Path: utzoo!utgpu!news-server.csri.toronto.edu!cs.utexas.edu!usc!wuarchive!rex!uflorida!gatech!purdue!haven!ncifcrf!lhc!adm!smoke!gwyn
From: gwyn@smoke.brl.mil (Doug Gwyn)
Newsgroups: comp.sys.apple2
Subject: Re: CRCs
Message-ID: <15915@smoke.brl.mil>
Date: 20 Apr 91 22:47:39 GMT
References: <13688@ucrmath.ucr.edu>
Organization: U.S. Army Ballistic Research Laboratory, APG, MD.
Lines: 101

In article <13688@ucrmath.ucr.edu> rhyde@ucrmath.ucr.edu (randy hyde) writes:
>Assembly language typically works out a little better than twice as fast.

But the comparison was not really fair, since the assembly-language
example implementation did not support the same linkage as the C code.
For a function that performs so little work, function linkage overhead
is an important factor.

Also, the example C code was not optimal for the given algorithm.
By making a few minor tweaks to it I reduced the C example run time
by a factor of 26% on the host on which I read net news.  Profiling
the code showed that approximately as much time was being spent in
the main program's loop overhead as in the crc function itself.

For the revised crc function C source code:

int crc(data, curcrc)
	int data;
	register unsigned int curcrc;
{
	return (curcrc << 8) ^ crctab[(curcrc >> 8) ^ data];
}

a fairly ordinary old-technology C compiler on a Gould PowerNode
produced the following machine code:

_crc:	enter	8w,0x5		-- function linkage
	movw	9w+8w[b2],r1	-- pick up "curcrc" argument
	movw	r1,r0		-- make a second copy of it
	lslw	#8,r0		-- shift one copy left (accumulator)
	lsrw	#8,r1		-- shift the other copy right
	xorw	8w+8w[b2],r1	-- XOR shifted copy with "data" argument
	lslw	#2,r1		-- shift for indexing crctab[]
	xorw	_crctab[r1],r0	-- XOR table entry with accumulator
	retn			-- function linkage

and a similar compiler on a DEC VAX produced the following machine code:

_crc:	.word	0x800		; function linkage
	movl	8(ap),r11	; pick up "curcrc" argument
	extzv	$8,$24,r11,r0	; shift one copy left (accumulator)
	xorl2	4(ap),r0	; XOR shifted copy with "data" argument
	ashl	$8,r11,r1	; shift the other copy right
	xorl3	r1,_crctab[r0],r0 ; XOR table entry with accumulator
	ret			; function linkage

Note that there isn't very much that one could do even by hand-coded
assembly language to perform this computation much more efficiently.
(Except that the VAX actually has microcode support for a CRC
instruction!  That is an example of a situation in which use of
assembly language could be justified, since it is somewhat rare
for a C compiler to exploit such specialized instructions.  Another
possible example would be in a bottleneck loop when testing the
"carry bit" would be much more efficient than trying to do without
it; originally I thought that was going to be the justification for
coding the CRC algorithm in assembler.)

>I claim the ASM code above isn't any more difficult to understand than the
>C code (assuming, of course, that you know the algorithm that the code
>is attempting to implement).

For such a small function, the conceptual burden is indeed manageable.
For a larger example involving linked data structures, etc. I would
prefer to deal with C code over assembly code.
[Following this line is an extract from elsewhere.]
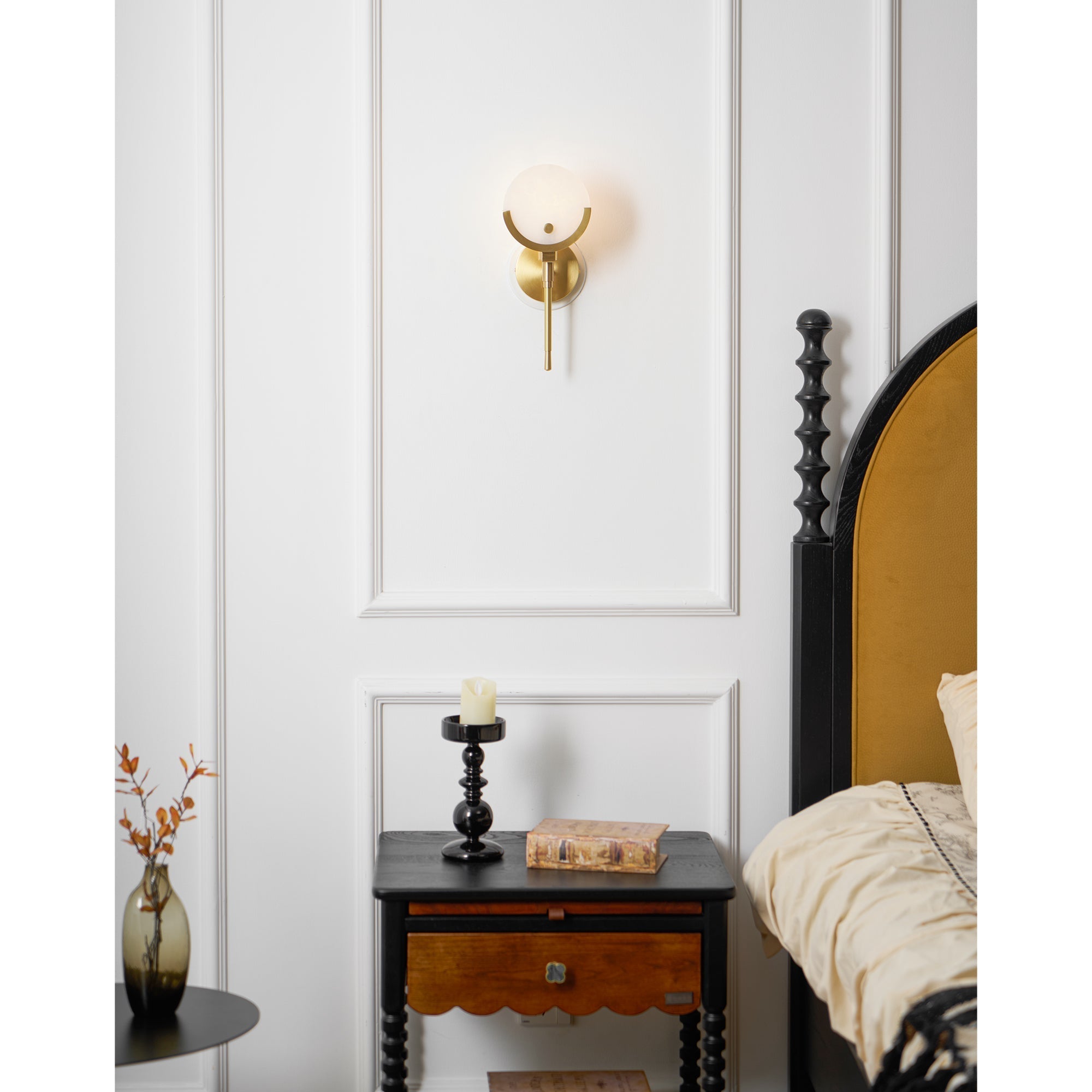 Ava Brass Wall Lamp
>From a development point of view, it would take far more time to dream
>up, implement, and verify the nibble-based C code that Doug posted than
>it would take to implement the unrolled version of the original CRC
>algorithm in assembly.

But that's comparing apples and oranges.  For the same algorithm with
the same constraints (particularly function linkage), I don't think
you've shown that assembly language code is appreciably faster than C
code, taking into account my earlier observations.
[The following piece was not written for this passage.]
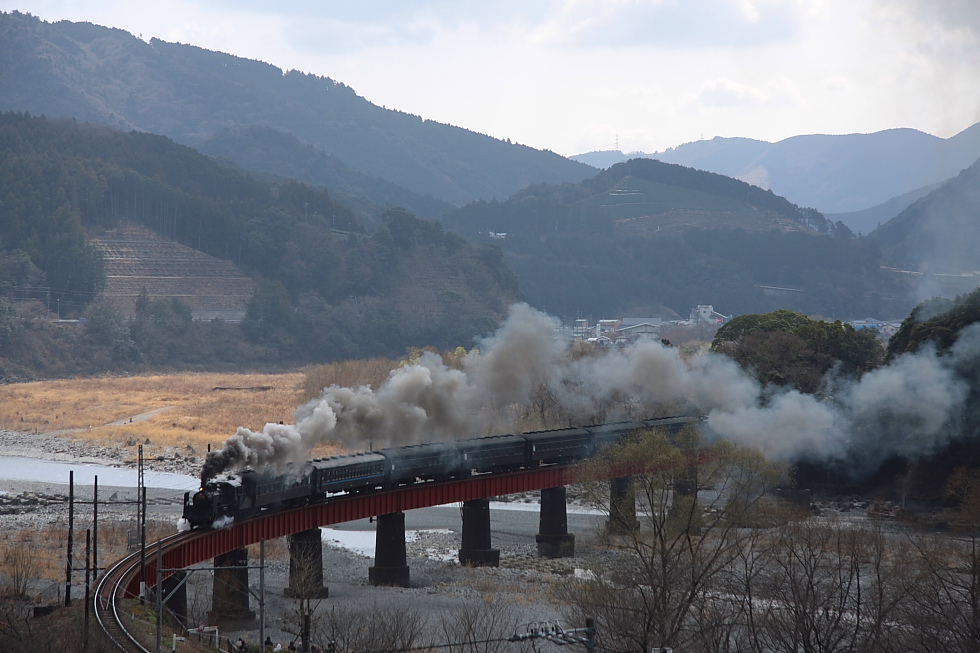 大井川を渡る煙 - 大井川鉄道 - _b0190710_22392437.jpg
>I offer this as proof that assembly is often the better choice for a
>project.  Sure, you can find better algorithms in C which run faster than
>bad algorithms in ASM, but the end result is that you spend *far* more
>time designing, testing, and debugging the C code.  And if you can find
>a better algorithm that works in C, that same algorithm will work in
>assembly as well.

The C code, if you do it right, is immediately usable on a variety of
machines, and development cost of the algorithm is independent of the
implementation language.  Implementation of the algorithm in C is no
harder than in assembly language, and for complex algorithms it is
very nice to be able to rely on the compiler for help with the
bookkeeping.  Why do you think high-level languages were invented?

>Keep in mind, that the CRC algorithm is intrinsically O(n).  You're not
>going to do any better than this because it takes n operations to read
>the data.  Therefore, the only thing we can attack is the constant
>in the complexity of this algorithm.  ASM is really good at this.

And if you look at the above C compiler output, you'll see that C is
also really good at this, at least on decent machine architectures.

As I have previously remarked, there are legitimate uses for assembler,
but since C is about as fast, infinitely more portable, and easier to
use for large projects, I recommend C over assembler in the majority of
situations.